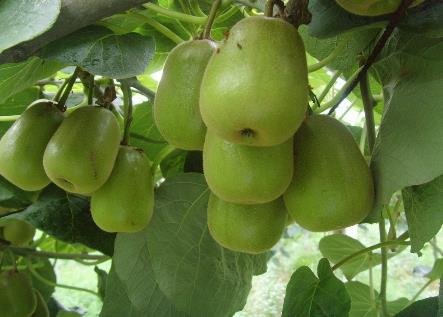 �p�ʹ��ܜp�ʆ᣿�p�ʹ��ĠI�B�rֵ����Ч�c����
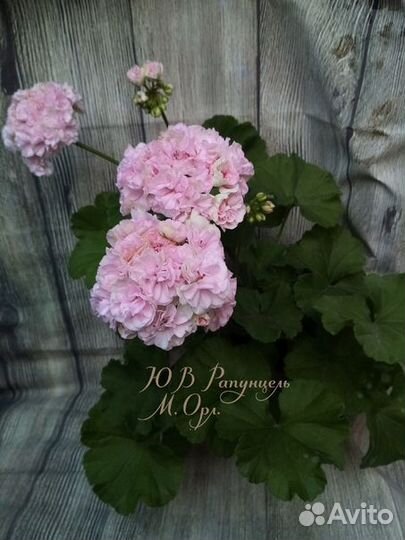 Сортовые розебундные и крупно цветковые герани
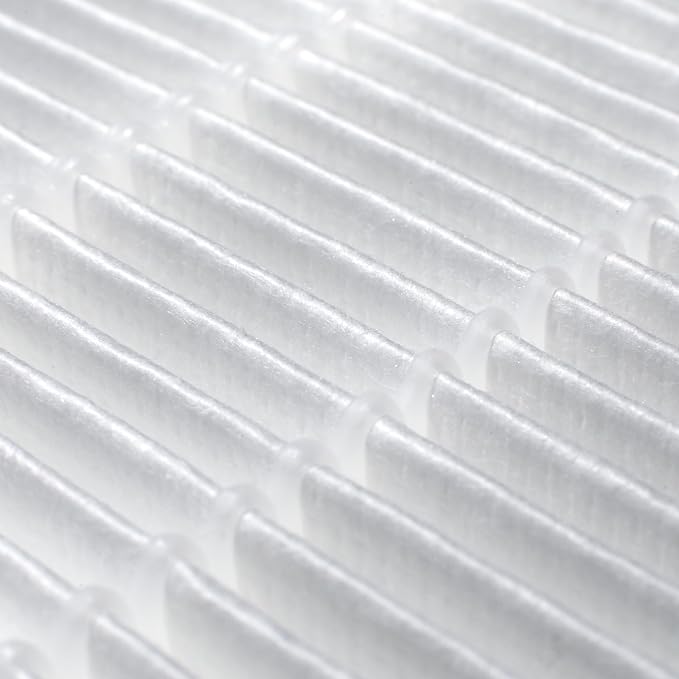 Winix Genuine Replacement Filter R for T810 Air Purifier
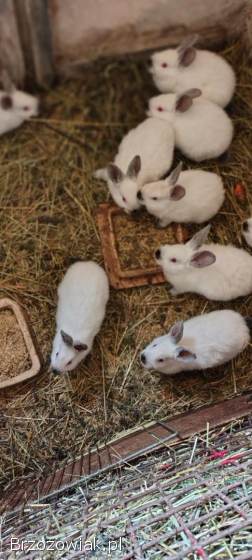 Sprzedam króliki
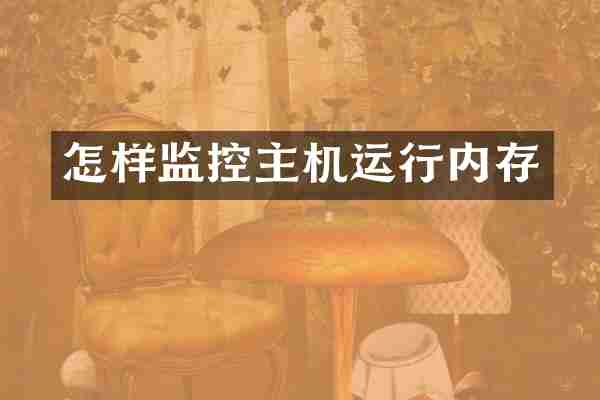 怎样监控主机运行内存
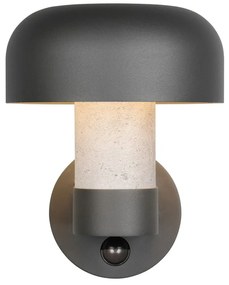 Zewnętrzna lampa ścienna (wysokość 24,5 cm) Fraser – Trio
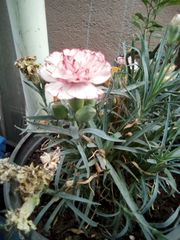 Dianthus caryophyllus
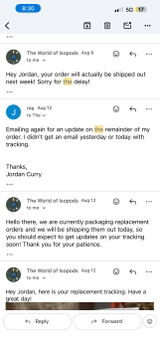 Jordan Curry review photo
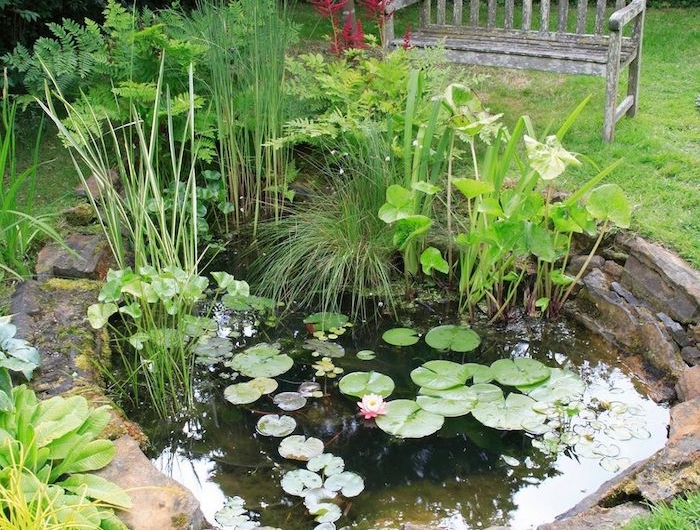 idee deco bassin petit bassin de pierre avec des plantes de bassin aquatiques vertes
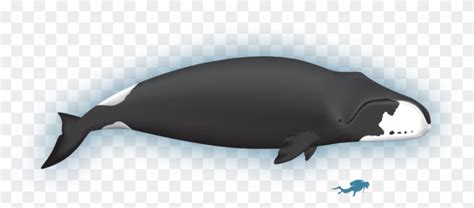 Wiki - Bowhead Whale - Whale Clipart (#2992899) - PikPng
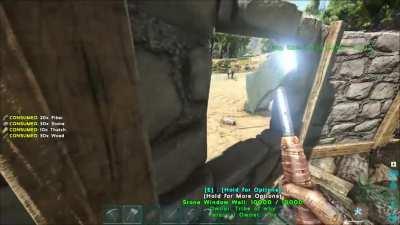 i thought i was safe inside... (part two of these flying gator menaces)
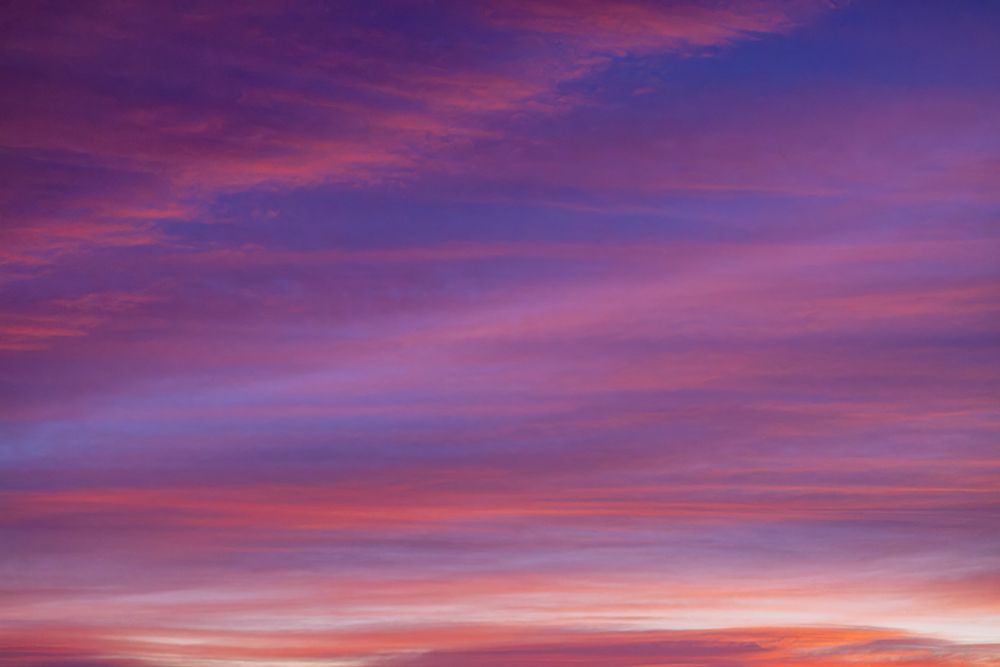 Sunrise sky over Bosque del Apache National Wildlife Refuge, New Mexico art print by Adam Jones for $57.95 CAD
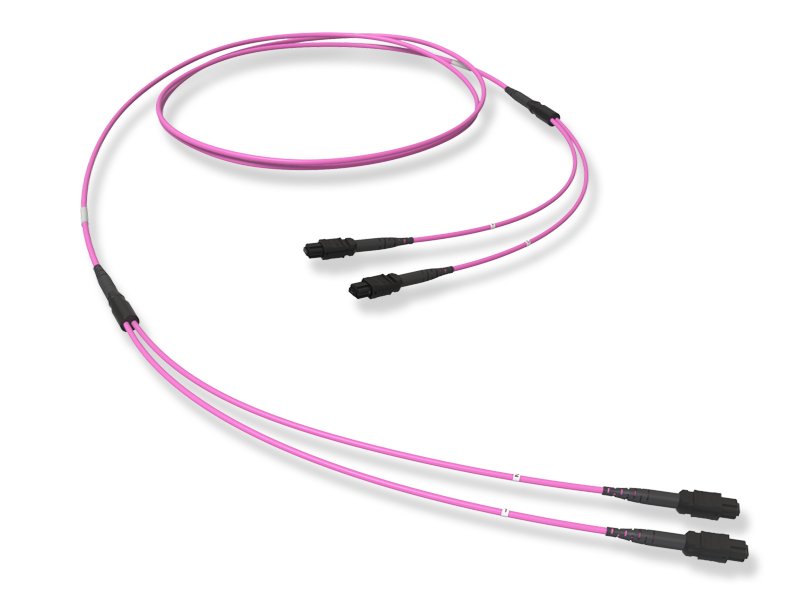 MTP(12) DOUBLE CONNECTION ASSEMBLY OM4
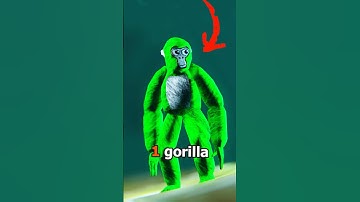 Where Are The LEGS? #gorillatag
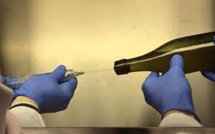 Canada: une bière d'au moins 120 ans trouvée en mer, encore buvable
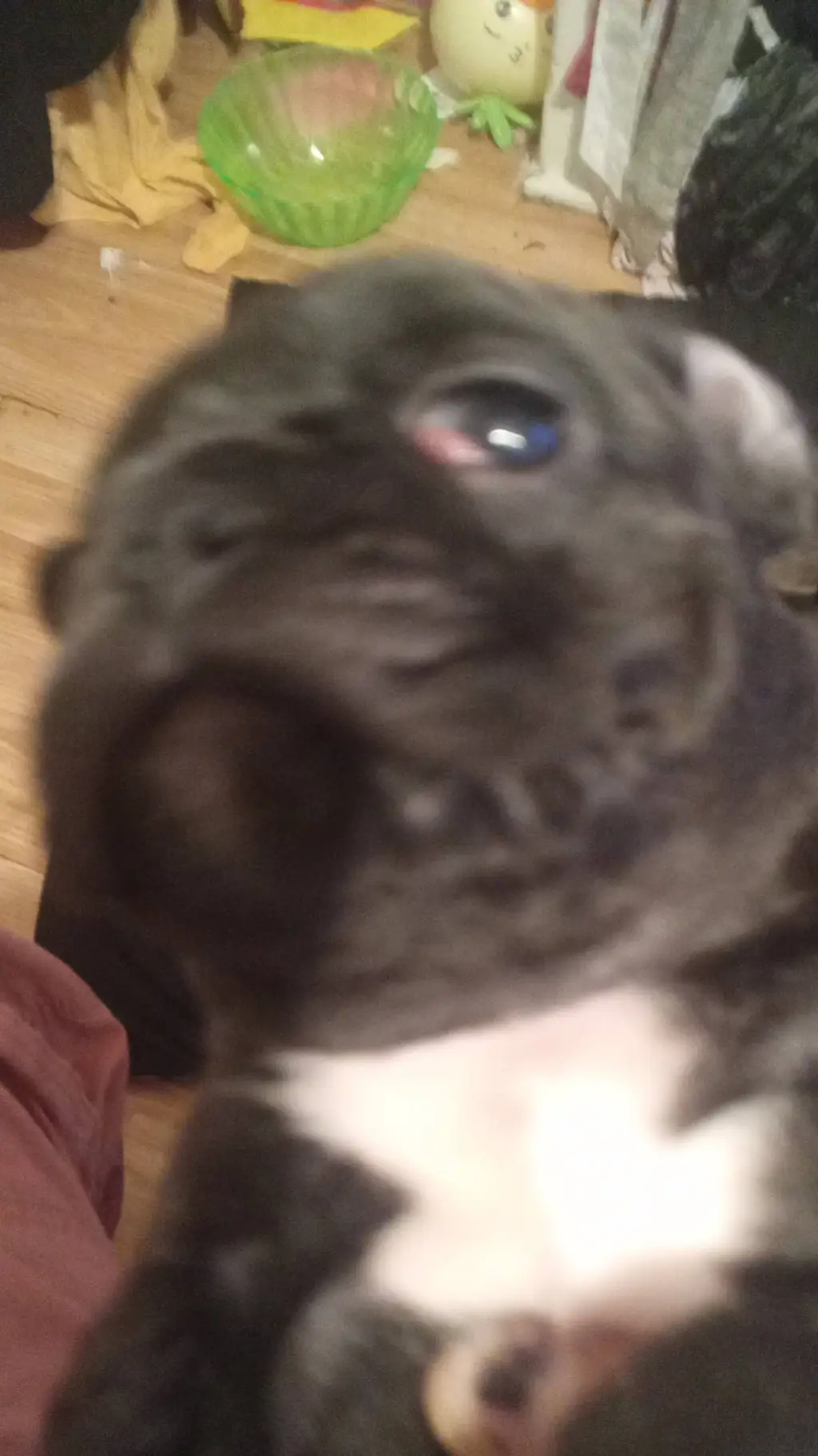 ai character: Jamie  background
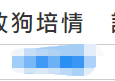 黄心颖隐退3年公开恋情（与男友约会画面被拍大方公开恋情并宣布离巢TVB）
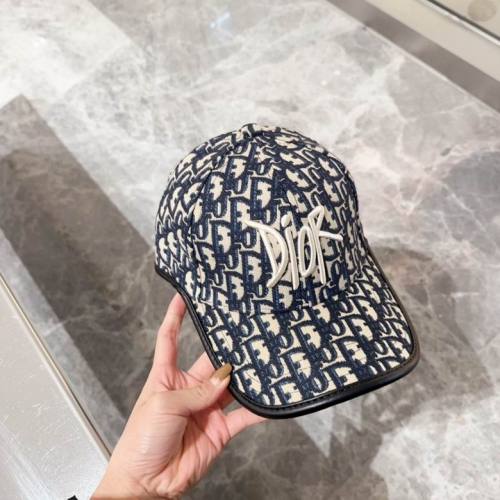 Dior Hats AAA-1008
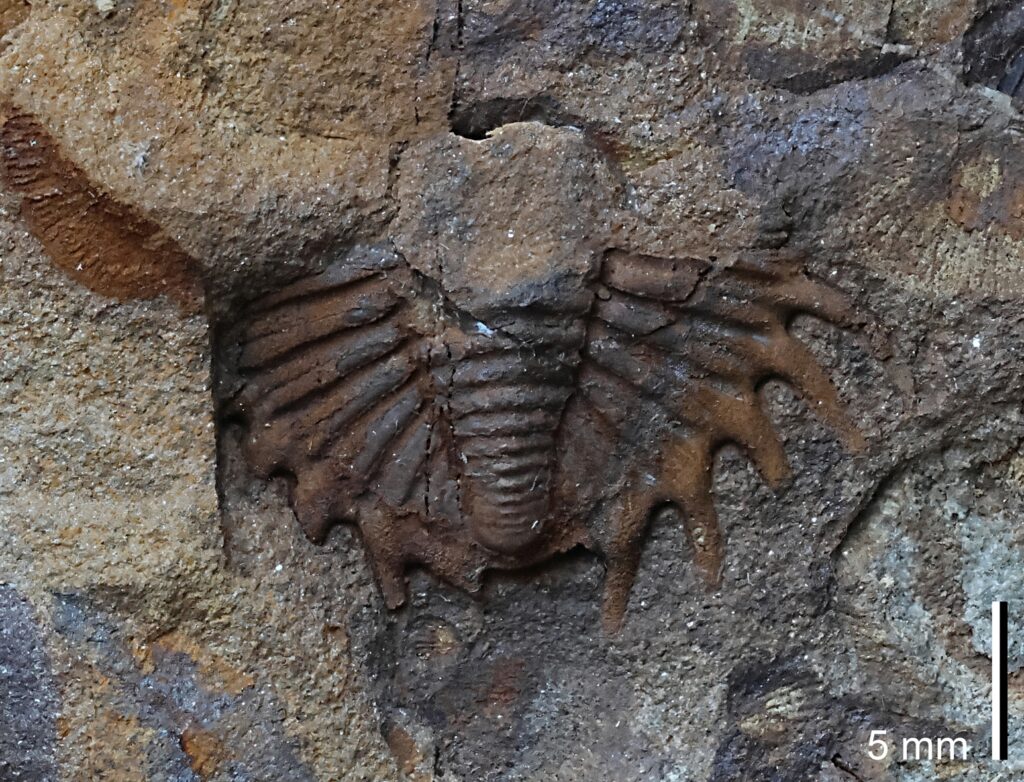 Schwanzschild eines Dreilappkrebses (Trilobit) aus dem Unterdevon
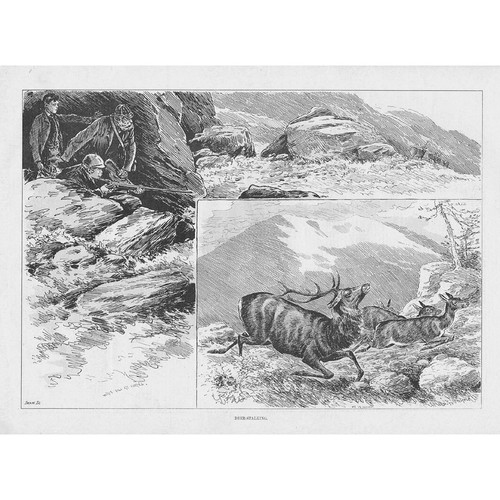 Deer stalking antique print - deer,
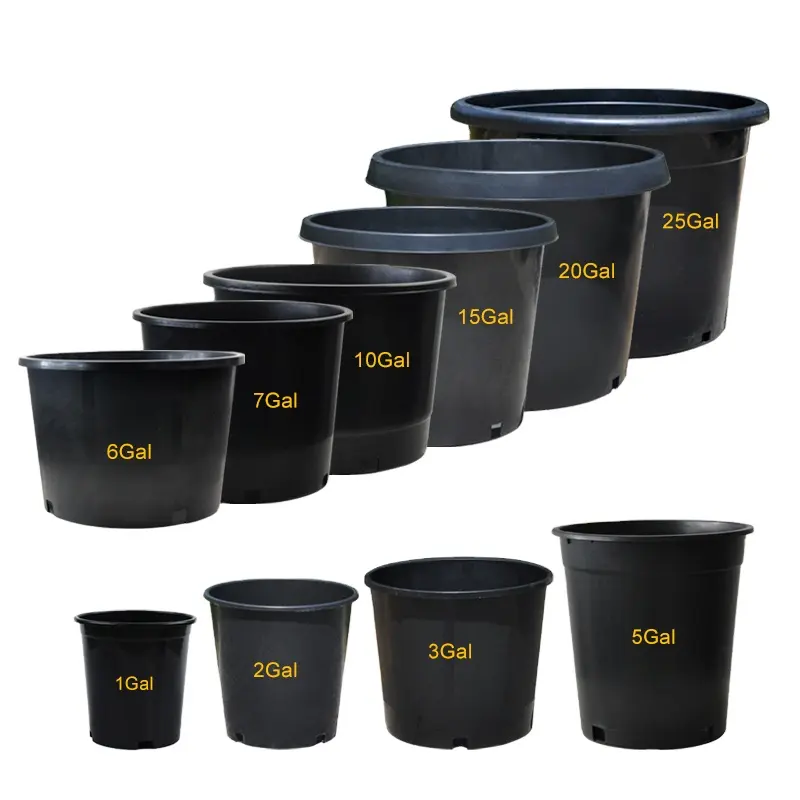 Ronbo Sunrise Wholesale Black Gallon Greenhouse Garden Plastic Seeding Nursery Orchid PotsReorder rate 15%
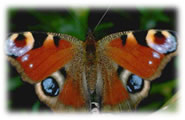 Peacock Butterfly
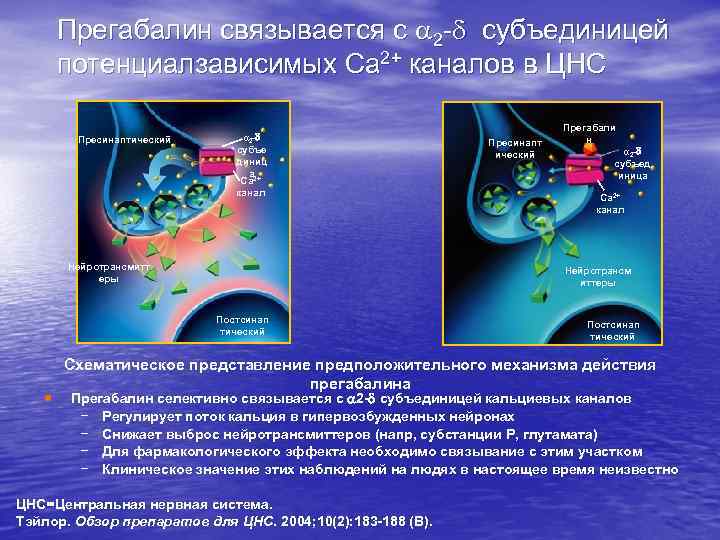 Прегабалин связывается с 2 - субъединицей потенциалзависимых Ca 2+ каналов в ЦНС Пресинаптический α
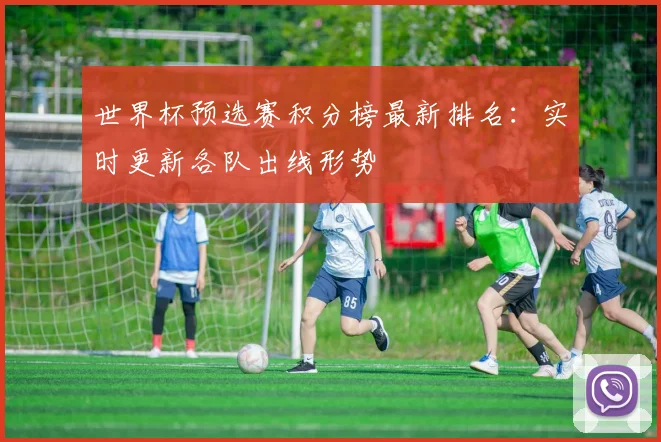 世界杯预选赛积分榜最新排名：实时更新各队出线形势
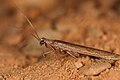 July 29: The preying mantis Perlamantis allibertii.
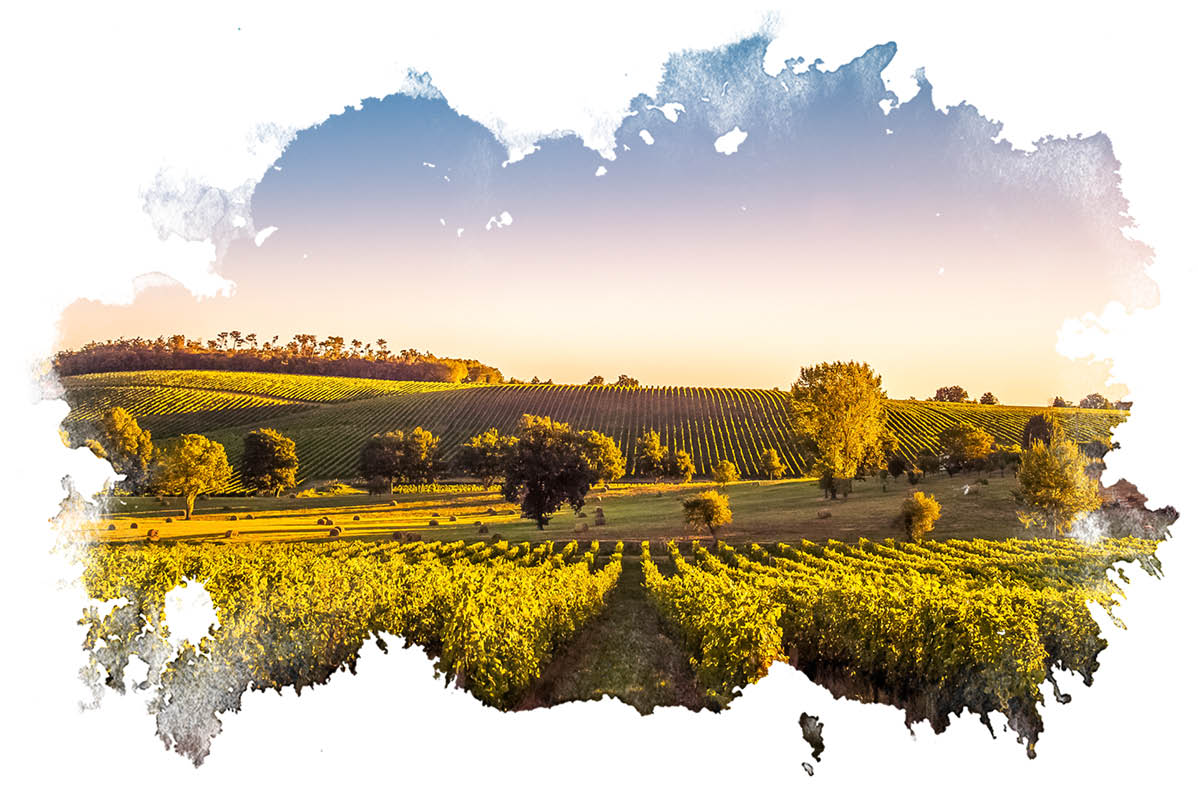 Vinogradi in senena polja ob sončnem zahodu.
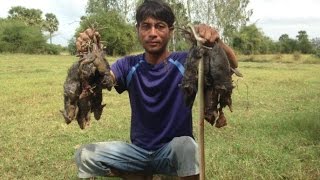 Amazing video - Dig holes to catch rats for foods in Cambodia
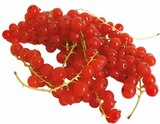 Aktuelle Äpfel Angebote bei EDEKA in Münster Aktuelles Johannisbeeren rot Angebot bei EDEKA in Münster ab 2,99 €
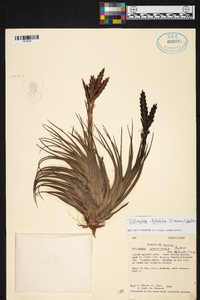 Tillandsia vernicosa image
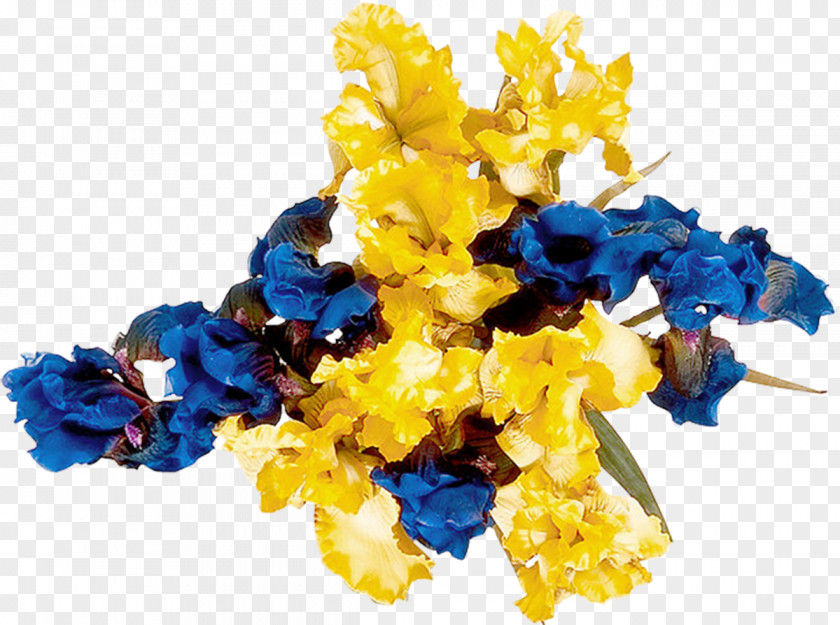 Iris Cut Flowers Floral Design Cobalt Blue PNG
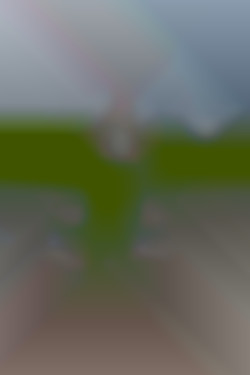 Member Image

TO DO:
From the line containing "Aktuelle Äpfel Angebote" down to the last line of the records above, repeat every line exactly and nothing else, dropping any pictures.

YOUR SOLUTION:
 Aktuelle Äpfel Angebote bei EDEKA in Münster Aktuelles Johannisbeeren rot Angebot bei EDEKA in Münster ab 2,99 €
 Tillandsia vernicosa image
 Iris Cut Flowers Floral Design Cobalt Blue PNG
 Member Image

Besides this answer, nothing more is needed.